The majority of the list is concerned with heating and cooling (as it should be, those are major energy sinks for most households) which I can't do much about; appliances, which for the most part I don't have (hulking refrigerator aside); and lighting, which I've already addressed, but they did suggest that using a slow cooker instead of the oven was more efficient. It seems that seven hours of slow cooker time uses less than half the electricity of an hour of electric oven. Now, I have a gas stove and I neither want to do the math to compare BTUs to kWhs, nor to delude myself into thinking that the energy savings would be significant, given the amounts involved, but it did get me to thinking. The bread machine is pretty nifty because we can throw all the ingredients in and set the timer, coming back hours later to fresh tasty bread. It seems to me that the slow cooker would do the same thing for soups and roasts and chili. All things I like to eat as the weather turns cooler. Maybe we should get one...

Dave, it turns out, is very brand loyal to Cuisinart, due to the longevity of his college toaster oven. (Another small appliance I never had, and therefore never thought I needed. We still have his college toaster oven though, and it is a perfectly nice item, I freely admit.) Therefore, the Cuisinart 4 quart cooker, pictured above, is the obvious front runner, but I would love your insight. Do you use a slow cooker? What kind? What size? And most importantly, what do you make in it?
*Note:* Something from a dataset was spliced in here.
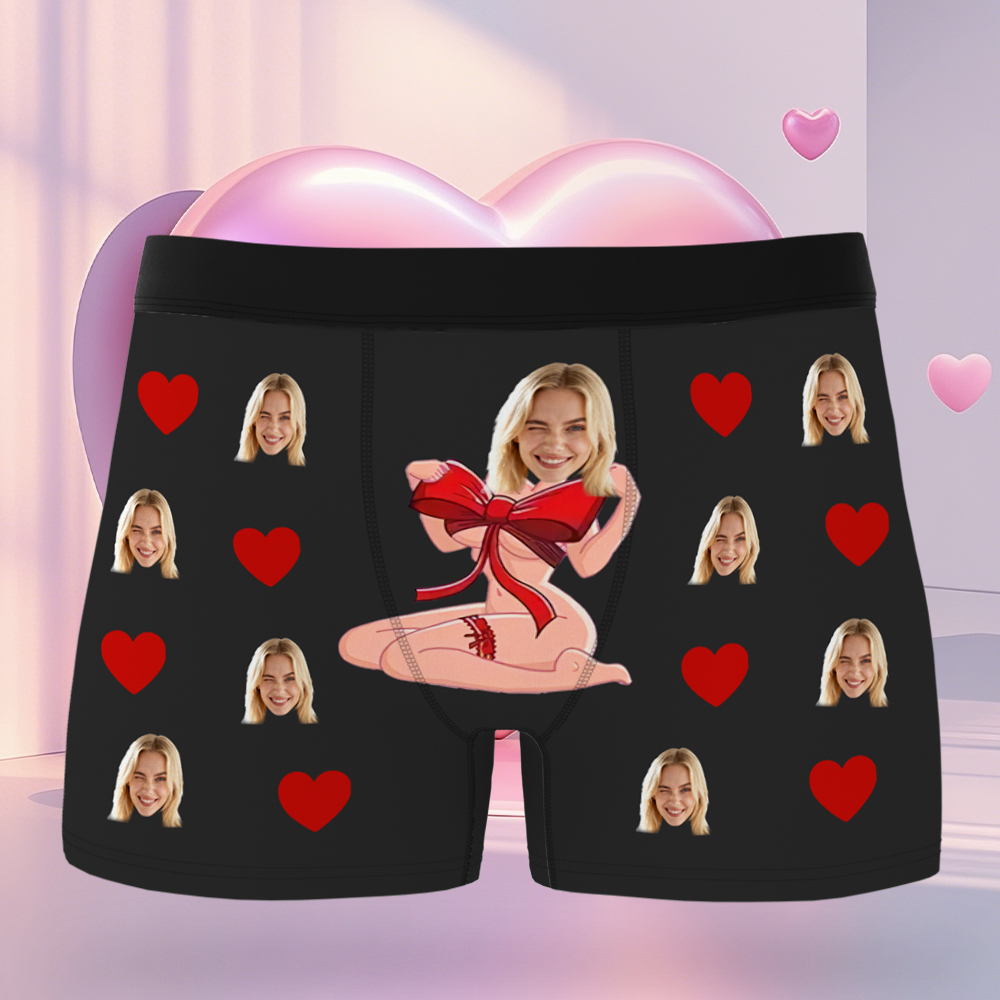 Personalized Face Man Underwear Custom Anniversary,Birthday,Valentines Day Gift for Him,Boyfriend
Thursday, September 11, 2008

I R SMRT

I admit it, if I had more money, I would be an alpha consumer, at least of gadgets. (I'll never be an alpha consumer of, say, fashion items, no matter how much money I have.) I like Apple, I like every product of theirs that I've owned, and I pay attention to the products they release. I'd buy more of them if I could afford it. So obviously when they announced the new nanos, I looked at my second generation nano and wished it were sexier. However, the thing that most intrigued me from that announcement was not hardware related at all. The sexy new gadgets play with iTunes 8, and iTunes 8 has a neat new feature, Genius.
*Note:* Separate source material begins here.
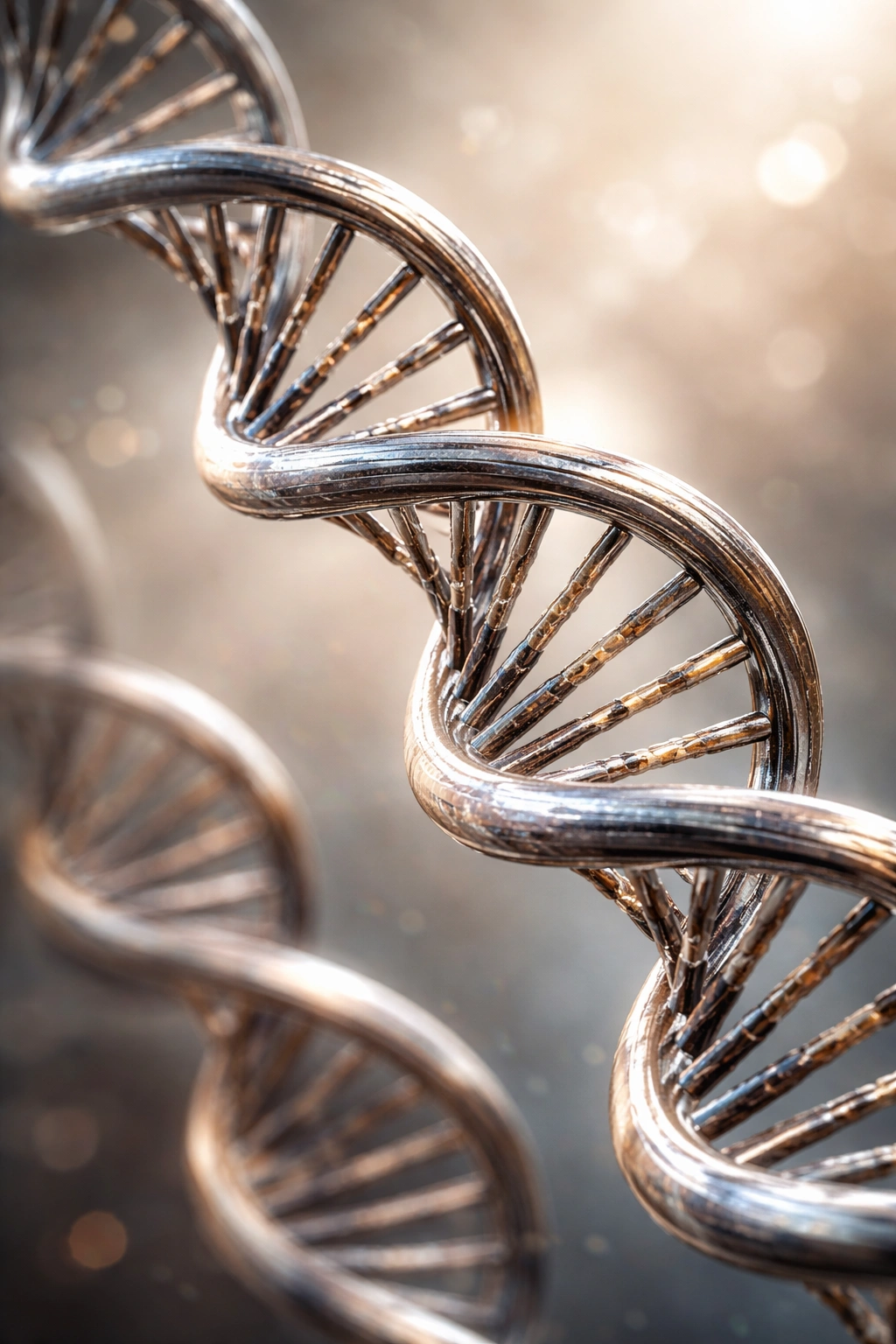 DNA double helix representing genetics and hair trait variation.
I've been known to waste a stupid amount of time cleaning up and relabeling my iTunes library, but I've never been one for the creation of playlists - I get distracted too easily by listening to the songs I'm considering that I never actually accomplish anything. Genius was made just for me, clearly. You pick a song from your library, hit the little atom icon, and presto - a 25 song playlist culled from your library to compliment the seed song! My first three tries produced very reasonable and listenable lists. A Cathie Ryan song produced a very mellow list, with Loreena McKennitt, Dougie MacLean and the Chieftains featured prominently (Enya and Ray Lynch I can see too, but I question the inclusion of Rosa Passos...) but iTunes doesn't know Battlefield Band at all, which I would have liked to have associated with the general Celtic-ness.  It made me a nice Christmas list when I planted The King's Singers version of "Veni, Veni Emmanuel", focusing mostly on similar choral and sacred music, but with a bit of Dean Martin for fun. It even made me smile by including "Tessie" and "Dirty Water" in a playlist based on the Dropkick Murphys "Shipping Up to Boston".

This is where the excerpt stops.